DOCTOR : What a sigh is there!
: The heart is heavily burdened.

GENTLEWOMAN: I would not have such a heart in my bosom for the
worth of the whole body.

DOCTOR : Well, well, well.

GENTLEWOMAN: Pray to God it shall be [well], sir.

DOCTOR : This disease is beyond my practice.
: Yet I have known those which have walked in their
sleep, who have died holily in their beds.

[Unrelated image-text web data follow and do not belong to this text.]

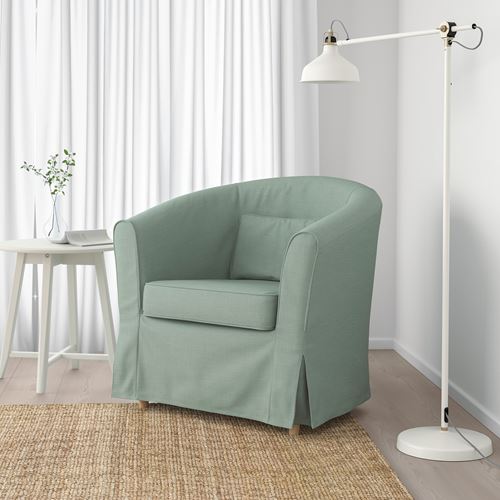 IKEA - TULLSTA, armchair, nordvalla light green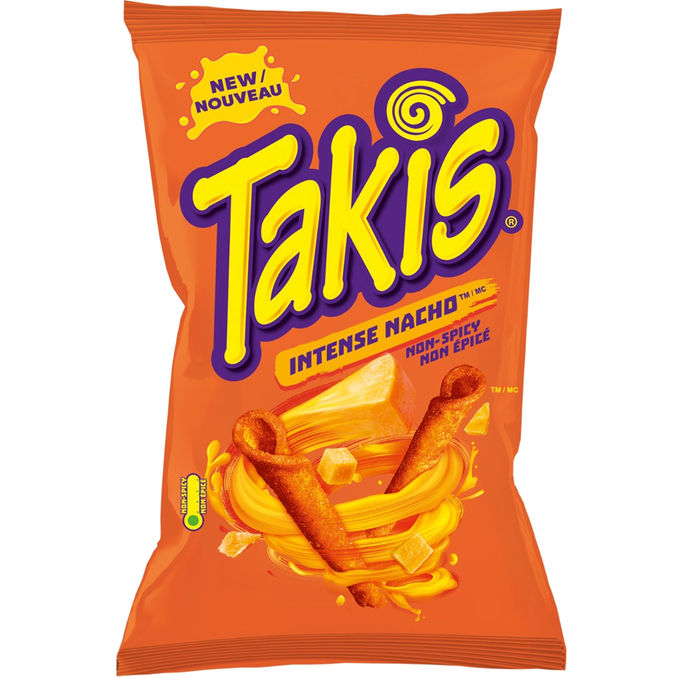 Takis Intense Nacho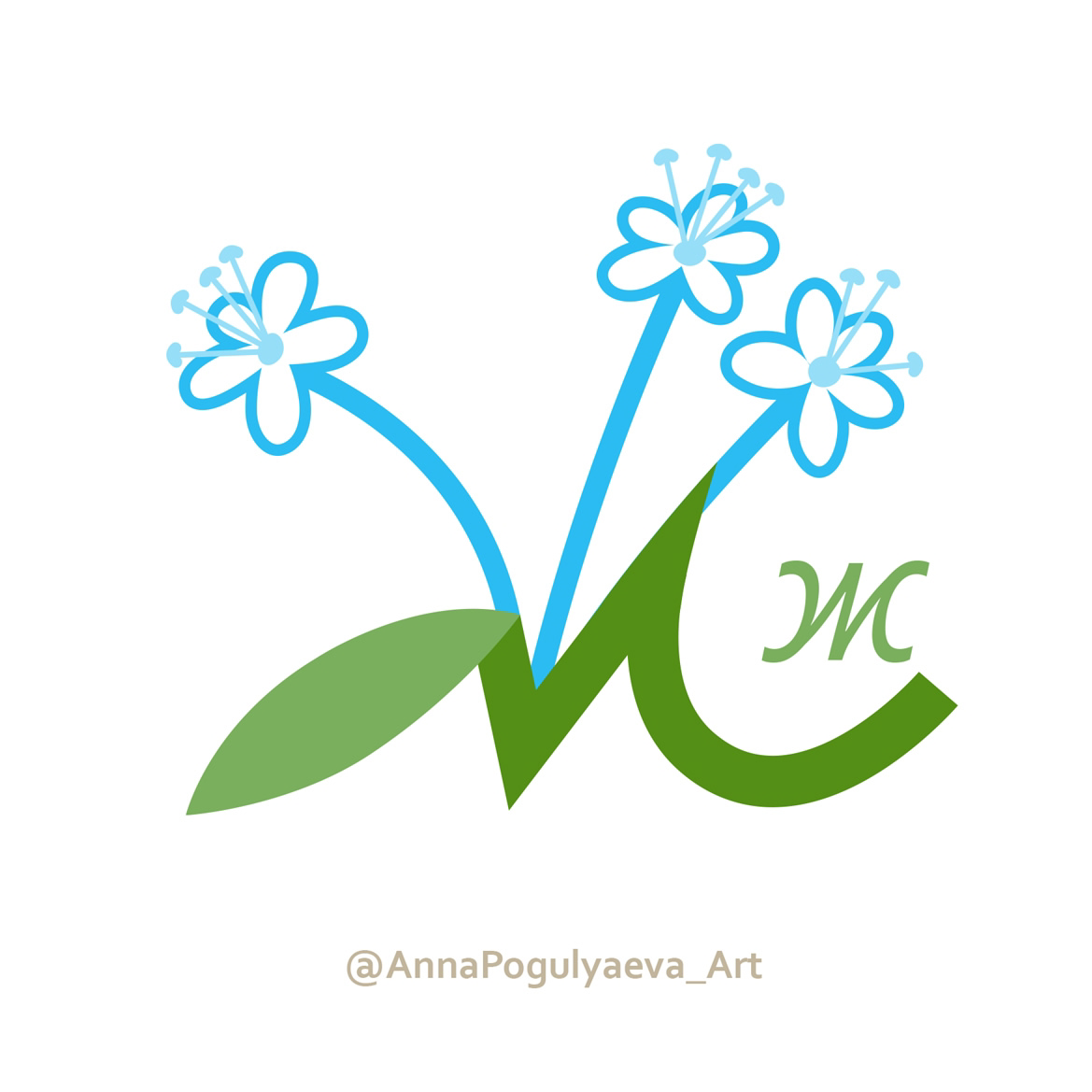 Буквы Е, Ж, З, И. Буквоцвет - мой цветочный алфавит | Сетка — социальная сеть от hh.ru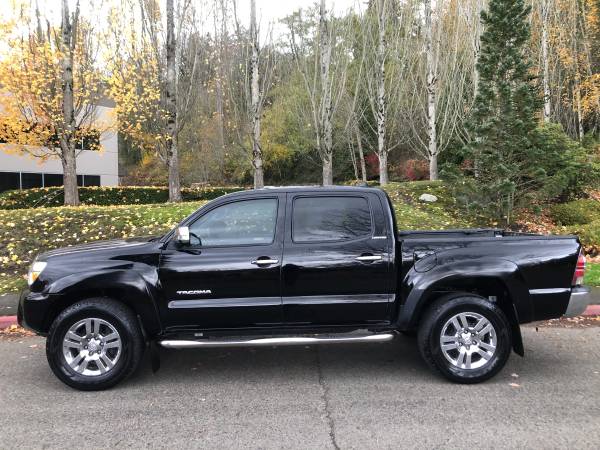 2013 Toyota Tacoma Double Cab limited 4WD --Navi, Leather, Clean... for sale in Kirkland, WA – photo 8
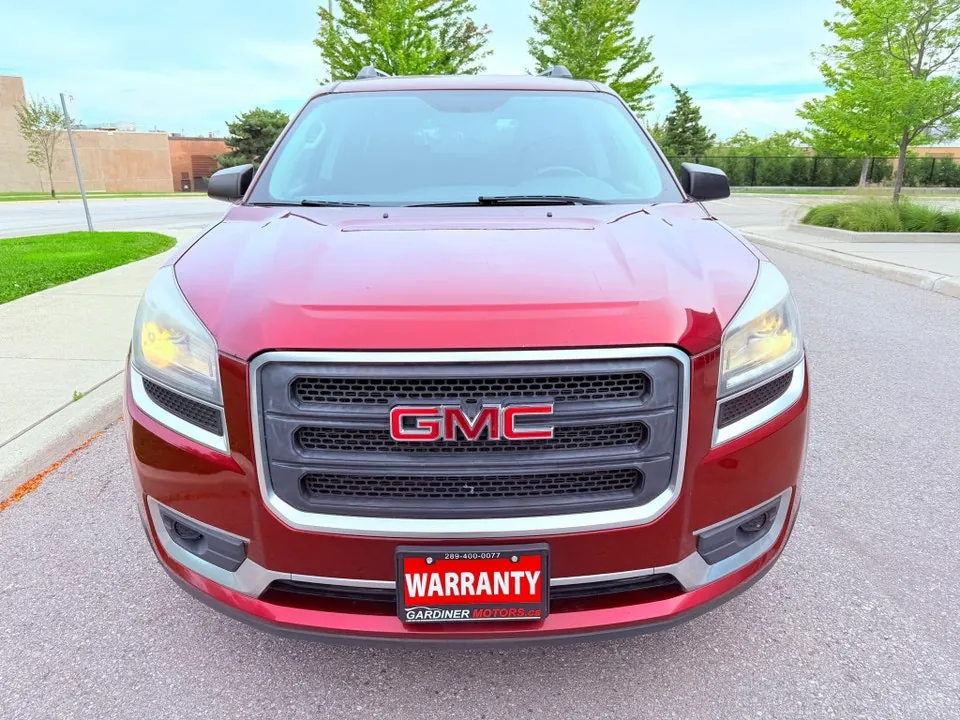 GMC Acadia 2015 photo 2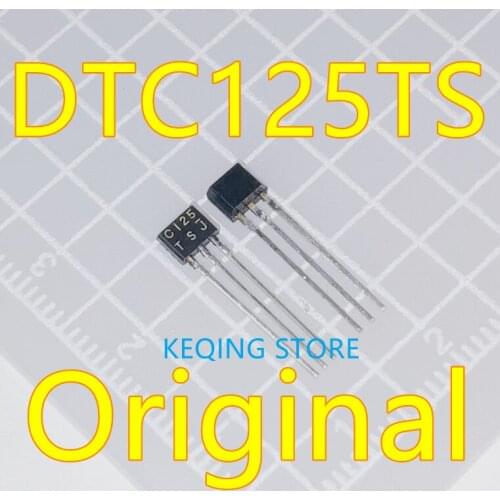 10pcs DTC125TS DTC125T DTC125 original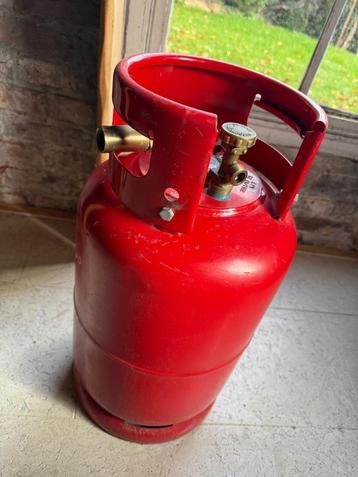 LPG hervulbare fles (27 liter) beschikbaar voor biedingen
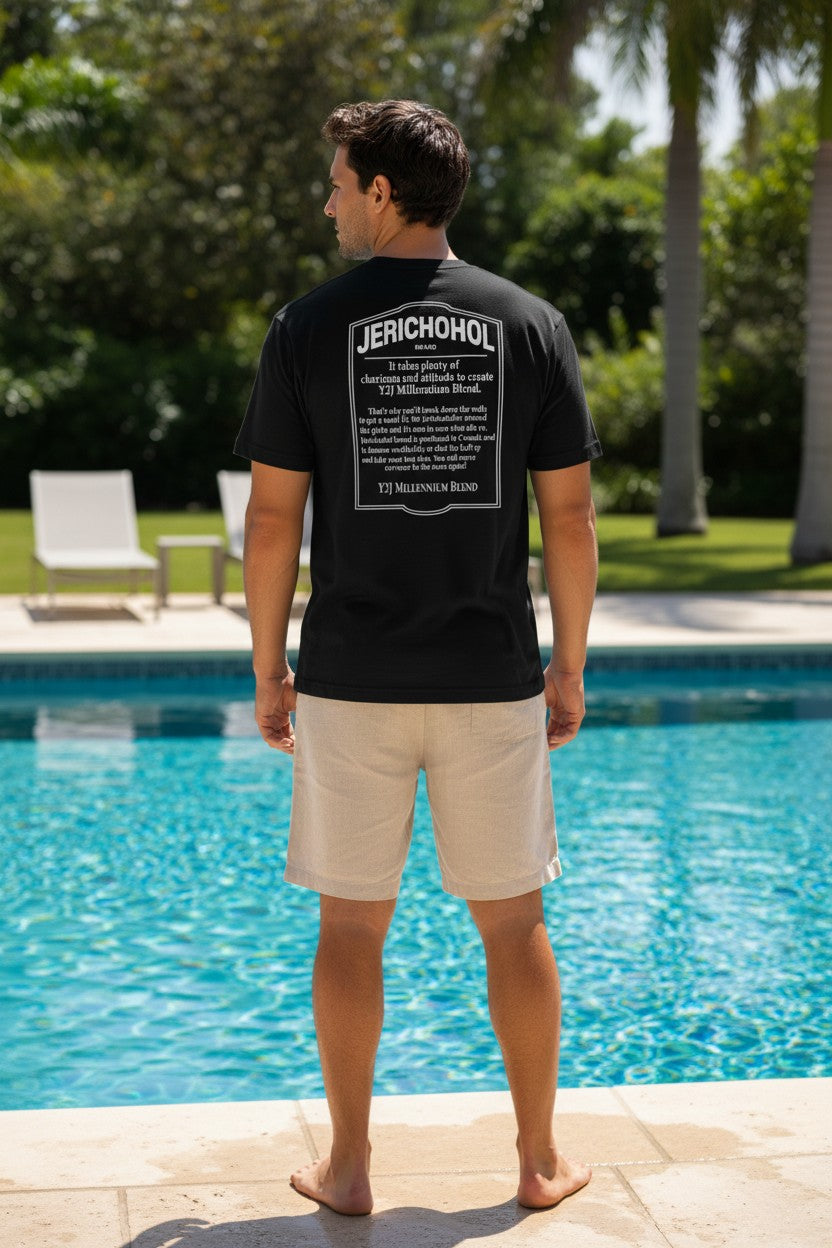 Chris Jericho Y2J 2000 Proof Jerichohol Mens T-shirt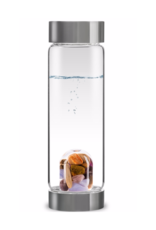 VitaJuwel USA ViA Crystal Water Bottle, 5 Elements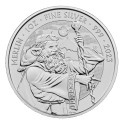 Myths and Legends - Merlin - 1 Oz - Silver investment coin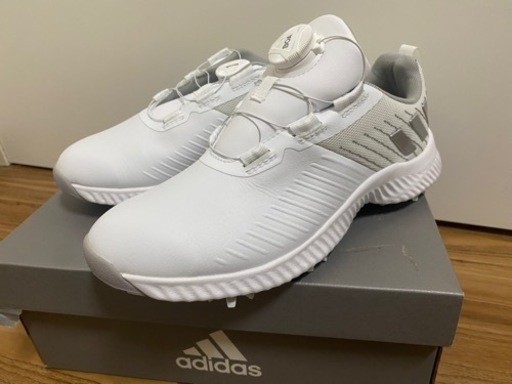 新品未使用★adidasゴルフシューズ22.5㎝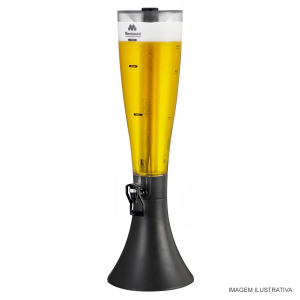 TORRE DE CHOPP 2,5 LTS TULIPA MARCHESONI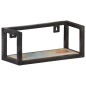 vidaXL Estantes de pared 2 unidades 40 cm madera maciza reciclada vidaXL Estantes de pared 2 unidades 40 cm madera maciza reciclada
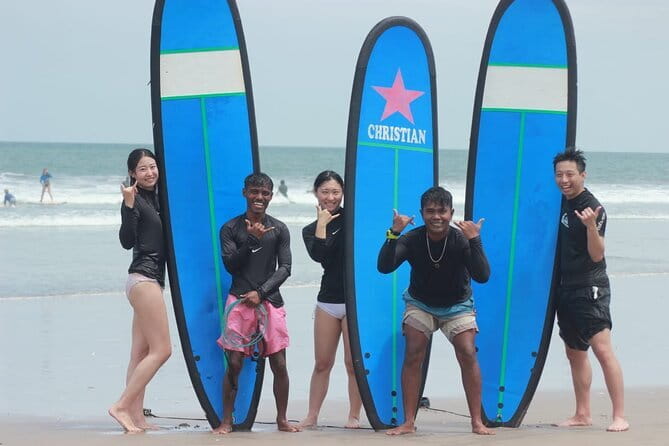 Bali Seminyak Beach Private Surf Lesson 2 Hour - The Seminyak setup: what you’re really signing up for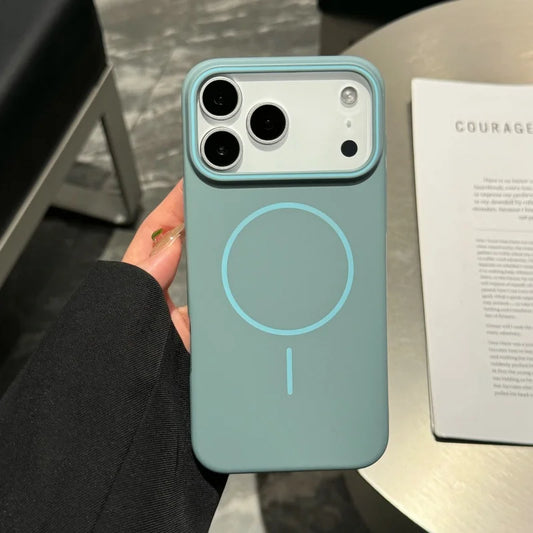 iPhone 17 Blue Magsafe Hard Case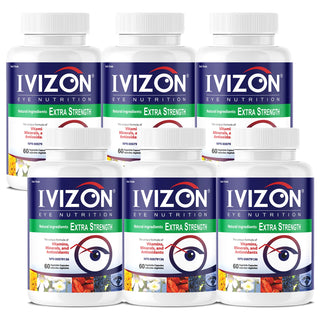 Ivizon Extra Strength 60 Vcaps - 6 PACK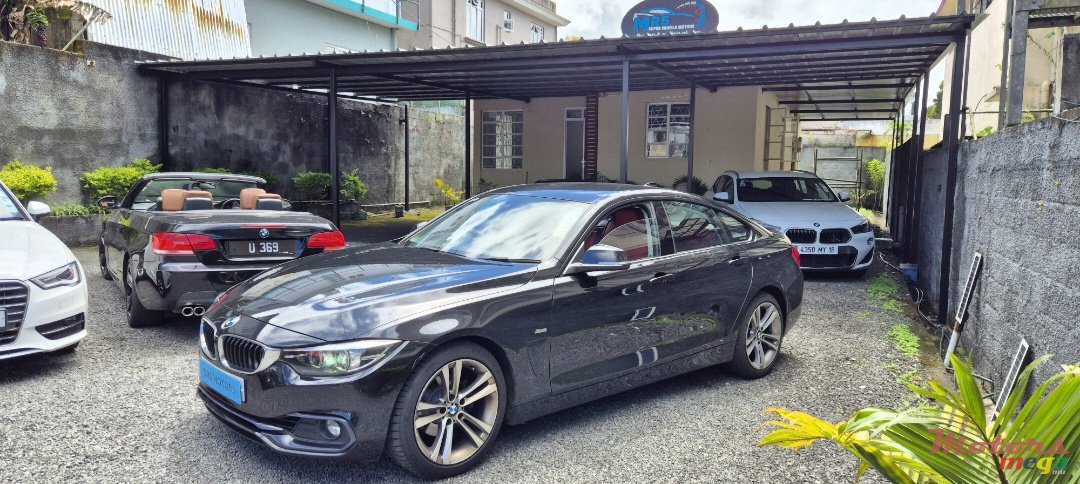 2017' BMW 4 Series Gran Coupe photo #2
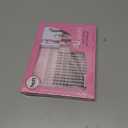 Lash Clusters Kit, DIY Cluster Eyelash Extensions 516mm,144pcs Fluffy D Curl Natural Lashes with Bond and Seal,Remover, TweezersNatural Fake Cat Eye Individual Manga Clusters 1-5-L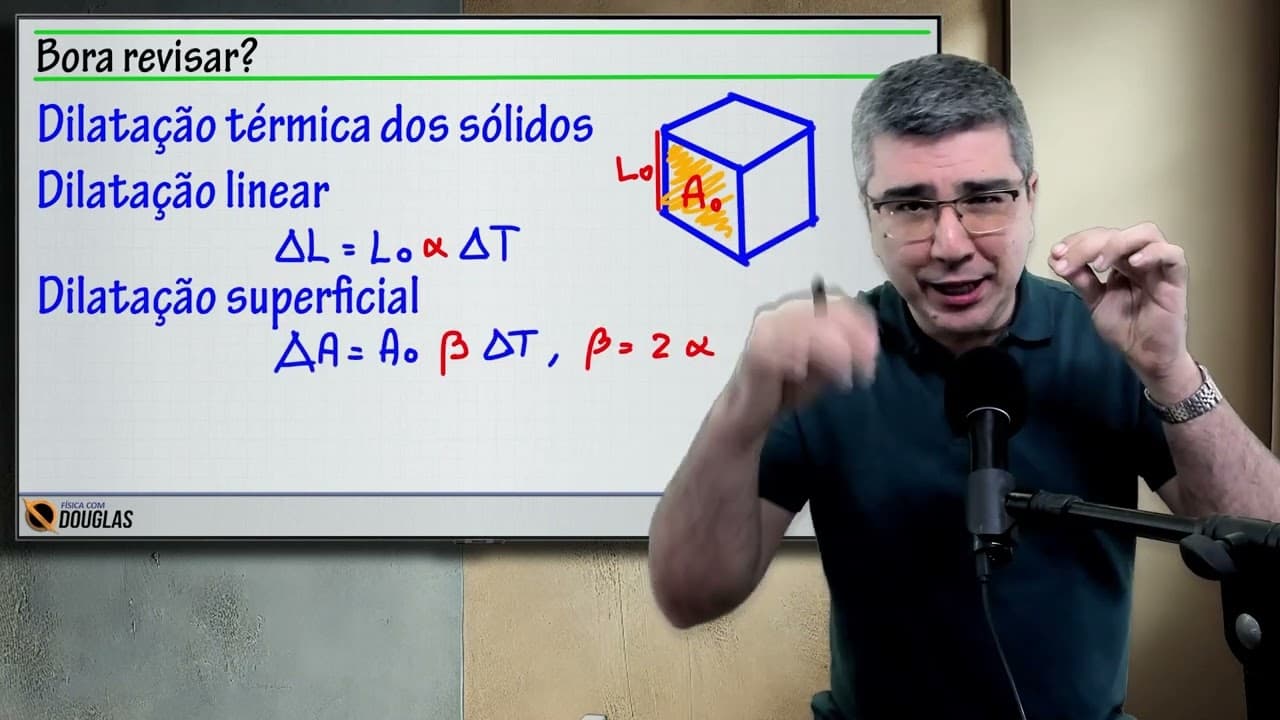 Thumbnail: Bora Revisar: Dilatação Térmica dos Sólidos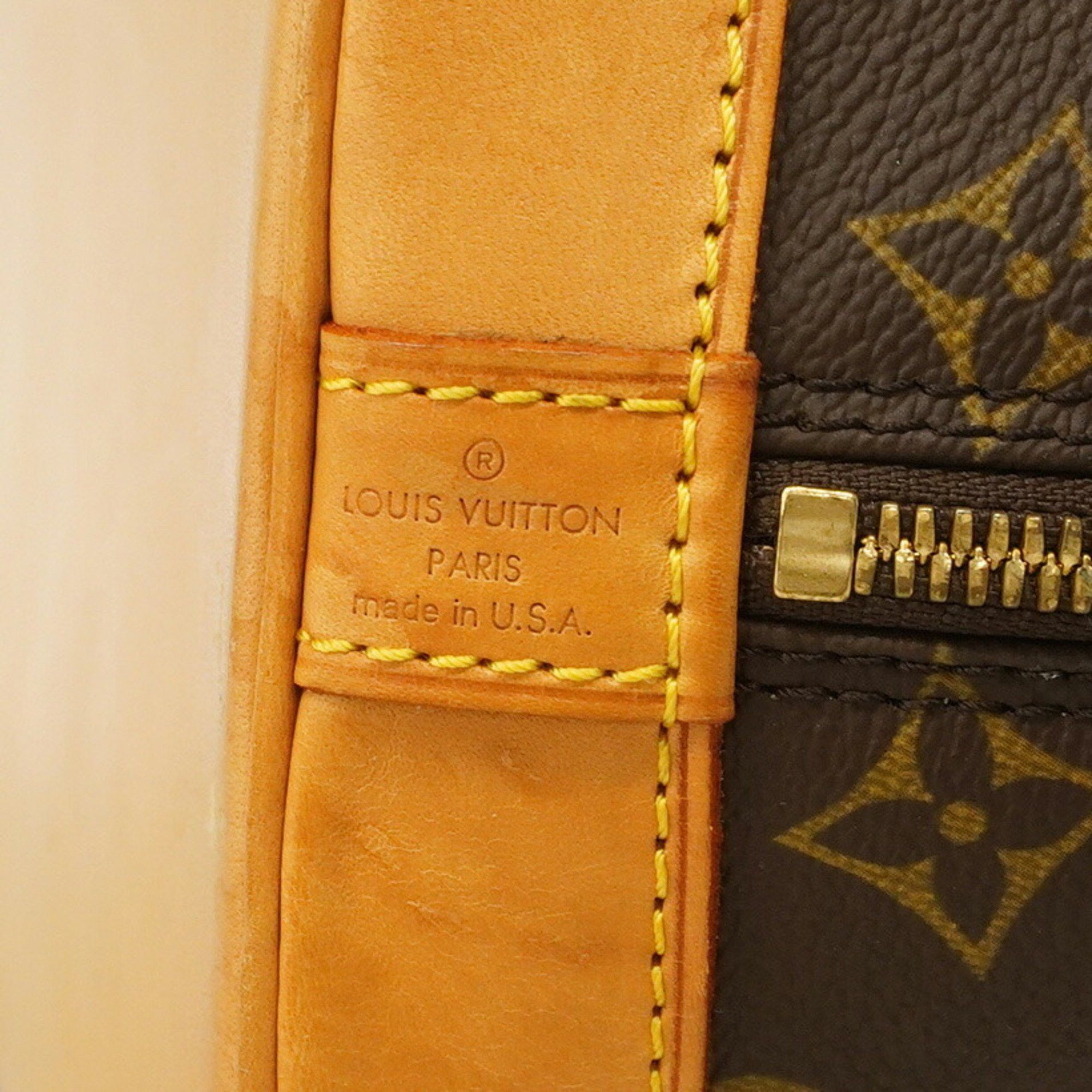 Louis Vuitton Louis Vuitton Alma handbag Size ONE SIZE - 11 Thumbnail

LADY M.: Wash your hands; put on your dressing-gown.
[pause]
: Don't look so pale: I tell you yet again, Banquo's
buried: he cannot come out of his grave.

DOCTOR: Even this?

LADY M. : To bed, to bed: there's knocking at the gate.
: Come, come, come, come, give me your hand.
: What's done cannot be undone.
: To bed, to bed, to bed.

[Exit Lady Macbeth.]

DOCTOR : Will she go to bed now?

GENTLEWOMAN : Directly.

DOCTOR: Foul whisperings are about.
: Unnatural deeds breed unnatural troubles.
: Infected minds will unload their secrets to their deaf
pillows.
: She needs the priest more than the physician.
: God, god forgive us all!
: Look after her: remove from her all means of harm; and
always keep eyes upon her.
: So, good night.
: She has puzzled my mind, and amazed my sight.
: I think, but dare not speak.

GENTLEWOMAN [sarcastically?] Good night, good doctor.